Pictures do not belong in the output. Reproduce exactly the lines from the start of the records through the line with "Camiseta Poliéster Penélope".

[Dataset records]

Start of Block

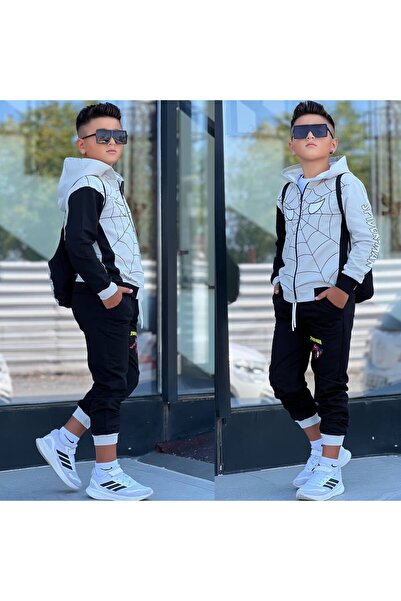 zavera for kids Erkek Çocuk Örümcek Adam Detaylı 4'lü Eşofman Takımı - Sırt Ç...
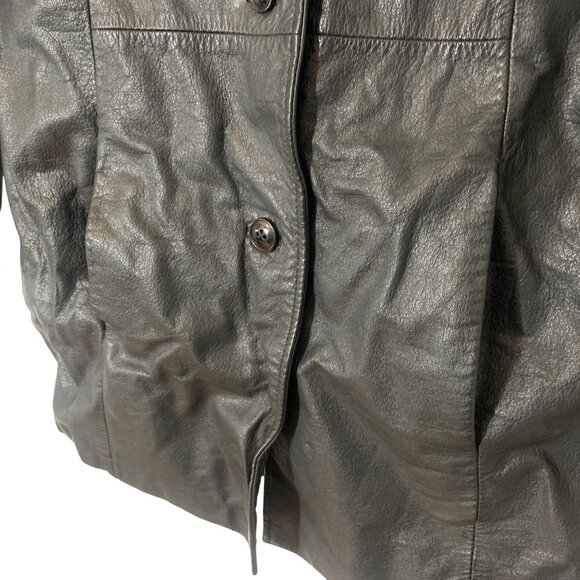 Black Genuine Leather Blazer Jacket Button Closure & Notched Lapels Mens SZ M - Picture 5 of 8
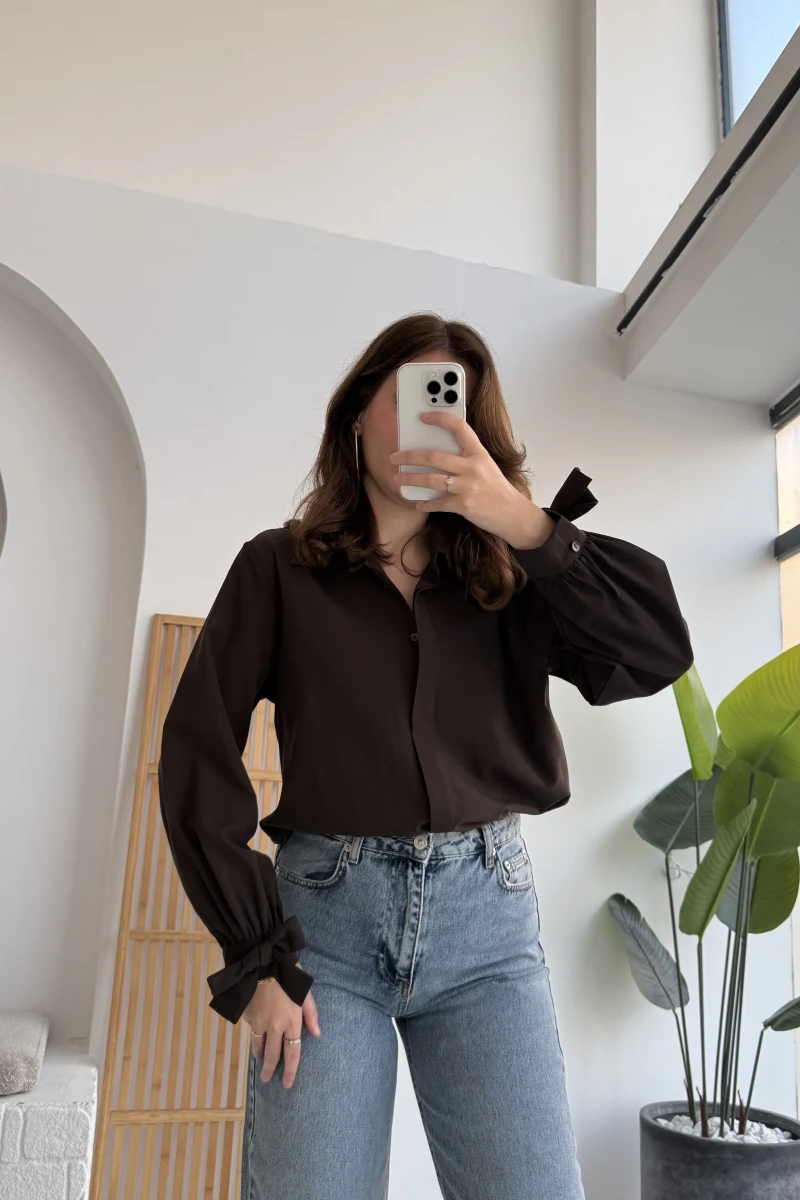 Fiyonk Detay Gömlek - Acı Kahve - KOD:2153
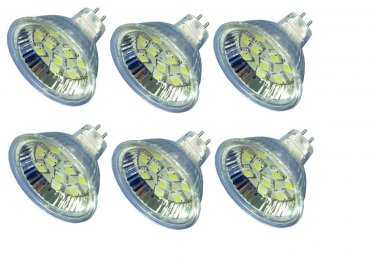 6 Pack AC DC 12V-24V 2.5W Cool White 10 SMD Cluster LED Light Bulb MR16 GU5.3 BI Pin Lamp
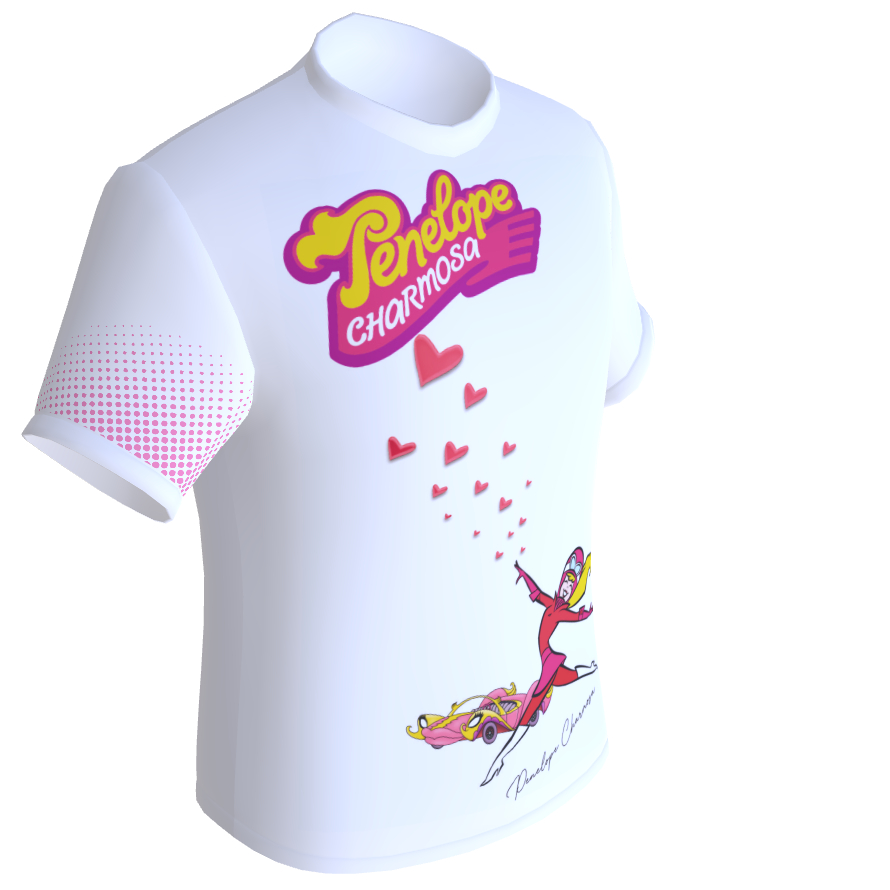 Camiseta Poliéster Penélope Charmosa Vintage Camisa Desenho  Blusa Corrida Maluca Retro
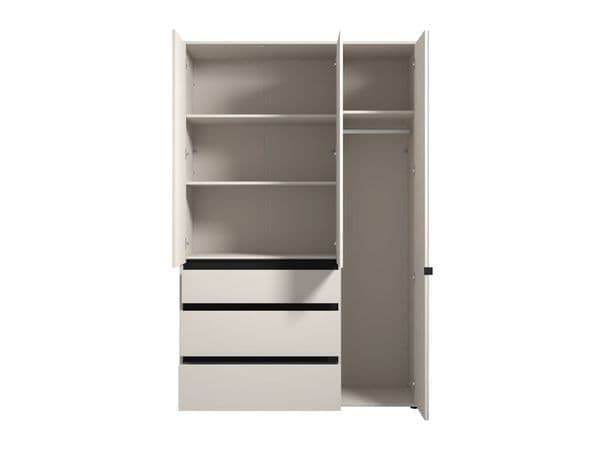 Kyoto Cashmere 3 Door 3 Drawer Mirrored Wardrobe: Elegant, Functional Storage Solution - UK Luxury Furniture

End of Block

ANSWER SECTION -
 zavera for kids Erkek Çocuk Örümcek Adam Detaylı 4'lü Eşofman Takımı - Sırt Ç...
 Black Genuine Leather Blazer Jacket Button Closure & Notched Lapels Mens SZ M - Picture 5 of 8
 Fiyonk Detay Gömlek - Acı Kahve - KOD:2153
 6 Pack AC DC 12V-24V 2.5W Cool White 10 SMD Cluster LED Light Bulb MR16 GU5.3 BI Pin Lamp
 Camiseta Poliéster Penélope Charmosa Vintage Camisa Desenho  Blusa Corrida Maluca Retro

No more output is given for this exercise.